Pars construens
Noto una certa indeterminatezza lessicale (e quindi concettuale) nell’ambito che stiamo trattando (tanto nelle vecchie discussioni quanto nelle nuove, tanto sul forum quanto nei volumi dedicati all’argomento), può quindi essere utile per intenderci (e per ragionare) operare delle distinzioni e elaborare un linguaggio “operativo”. Provo a riassumere e “formalizzare” i risultati (assolutamente provvisori) a cui per ora sono pervenuto.

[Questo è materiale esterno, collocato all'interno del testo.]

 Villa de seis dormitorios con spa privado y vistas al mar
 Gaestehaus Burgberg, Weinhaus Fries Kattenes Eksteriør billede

Liceità: tutto quello che è consentito dal regolamento è lecito. Solo le violazioni delle norme (così come interpretate nella giurisprudenza costante dell’arbitro) del regolamento sono illecite e reclamabili in sede arbitrale. Nessuno può pretendere il rispetto di norme di natura diversa da quella regolamentare.
Esempio: parlare in chat cercando di manipolare il gioco è lecito se non è stato schiacciato il tasto silenzio.
Correttezza: perché un comportamento sia corretto, oltre che lecito, deve rispettare non solo la lettera del regolamento, ma anche lo spirito del regolamento (e del gioco) che si ricava in positivo dall’interpretazione teleologica (quale è lo scopo di questa norma?) e sistematica (cosa significa questa prescrizione alla luce del più vasto insieme di prescrizioni e principi regolamentari in cui si inserisce) del complesso delle norme regolamentari e in negativo dall’assenza di abuso del diritto.
Esempio: cercare di manipolare il gioco parlando in chat senza che sia stato schiacciato il tasto silenzio è lecito ma scorretto, si tratta di un abuso di diritto contrario allo spirito del gioco.
Morale: riguarda cosa è bene e cosa è male (anche a livello strategico). Questo piano secondo me è estraneo al gioco e ci porta solo a fraintendimenti. La presudomorale del Risiko dipende dall’assolutizzazione di convenzioni (relative, limitate) trasformate in dogmi comportamentali.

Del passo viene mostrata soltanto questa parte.